§ **TASK BRIEF**
For the data that follows, return each line unchanged and drop the pictures.

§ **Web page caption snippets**
Start of Block
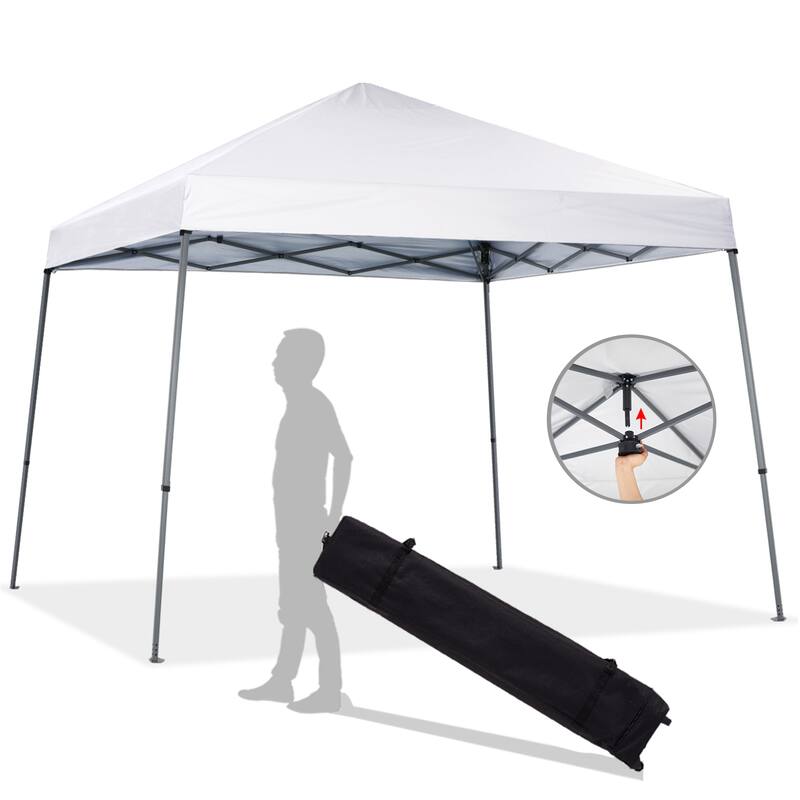 ABCCANOPY Portable Pop Up Canopy Tent Beach Canopy with Large Base - 10x10ft - White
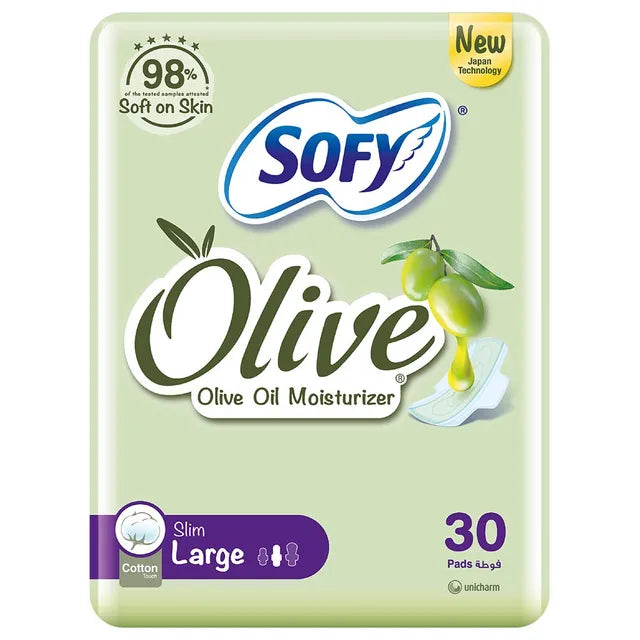 SOFY Olive Sanitary Pads With Wings, Slim, Large 29 cm, Pack of 30 Pads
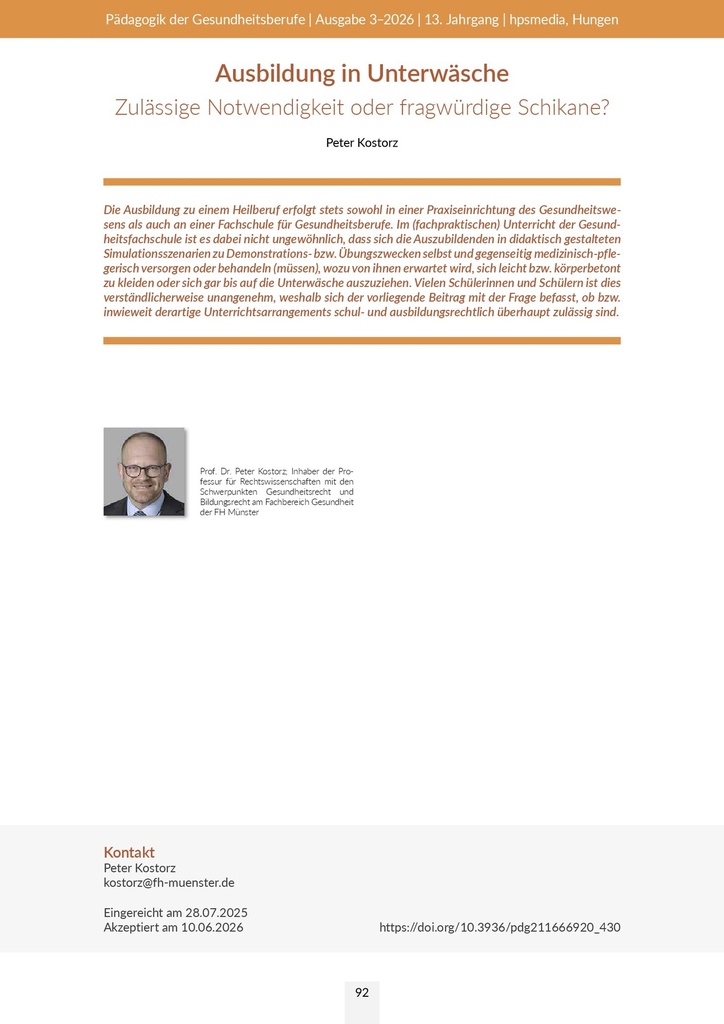 [doc_773032] Ausbildung in Unterwäsche. Zulässige Notwendigkeit oder fragwürdige Schikane?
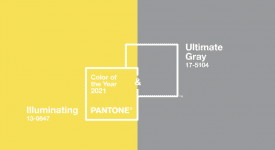 Pantone 發布年度雙流行色：亮麗黃和極致灰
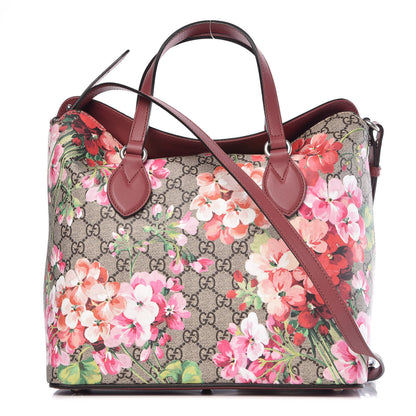 Gucci GG Supreme Monogram Blooms Linea A Foldover Tote Beige Multicolor Dry Rose 1 of 10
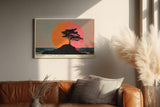 Paul Sinus Wandbild 120x80cm Solitary Tree at Sunset dramatische Landschaft mit Baum Silhouette vor roter Sonne Kunst Poster für Wohnzimmer Büro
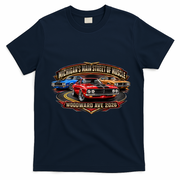Main Street Of Muscle Woodward Ave 2026 Front & Back T-Shirt - Navy Blue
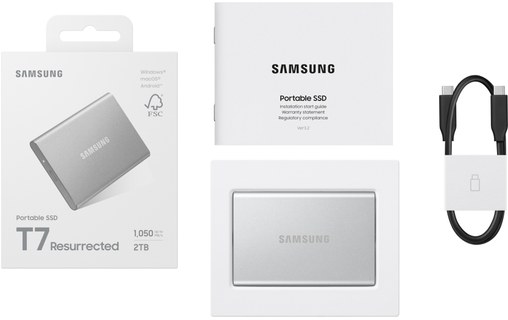 Samsung T7 Resurrected 2 To - Argent - SSD externe USB-C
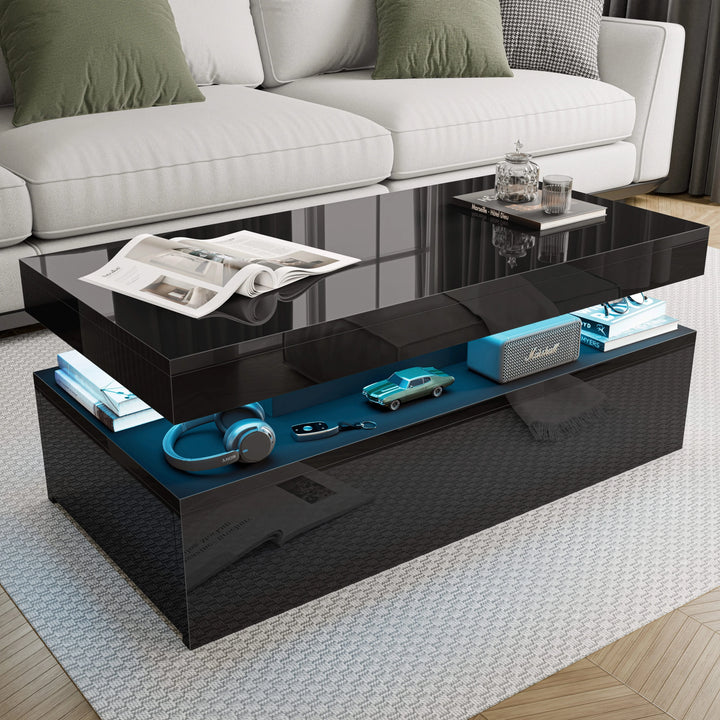 [Black] high gloss storage coffee table in front of grey sofa, blue LED mid shelf holds headphones and toy car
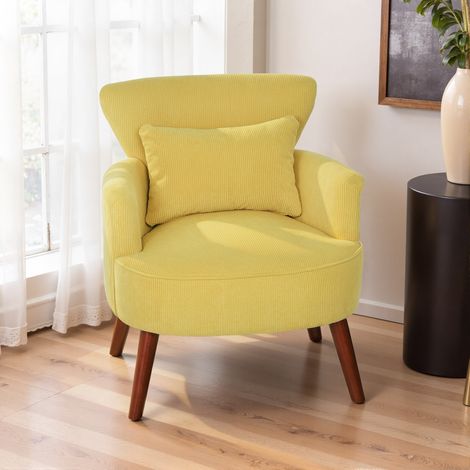 Poltrona moderna, poltrona imbottita con cuscino lombare, gambe in legno di caucciù, gialla (1/5)
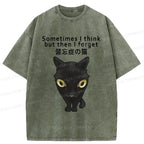 Kyoto-Lion Amnesiac Cat Washed T-Shirt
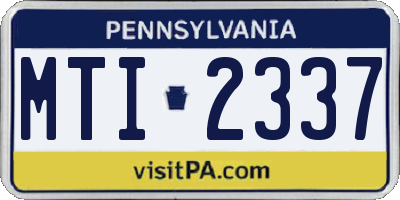 PA license plate MTI2337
End of Block
§ **FINAL ANSWER**
 ABCCANOPY Portable Pop Up Canopy Tent Beach Canopy with Large Base - 10x10ft - White
 SOFY Olive Sanitary Pads With Wings, Slim, Large 29 cm, Pack of 30 Pads
 [doc_773032] Ausbildung in Unterwäsche. Zulässige Notwendigkeit oder fragwürdige Schikane?
 Pantone 發布年度雙流行色：亮麗黃和極致灰
 Gucci GG Supreme Monogram Blooms Linea A Foldover Tote Beige Multicolor Dry Rose 1 of 10
 Paul Sinus Wandbild 120x80cm Solitary Tree at Sunset dramatische Landschaft mit Baum Silhouette vor roter Sonne Kunst Poster für Wohnzimmer Büro
Main Street Of Muscle Woodward Ave 2026 Front & Back T-Shirt - Navy Blue
 Samsung T7 Resurrected 2 To - Argent - SSD externe USB-C
 [Black] high gloss storage coffee table in front of grey sofa, blue LED mid shelf holds headphones and toy car
 Poltrona moderna, poltrona imbottita con cuscino lombare, gambe in legno di caucciù, gialla (1/5)
 Kyoto-Lion Amnesiac Cat Washed T-Shirt
 PA license plate MTI2337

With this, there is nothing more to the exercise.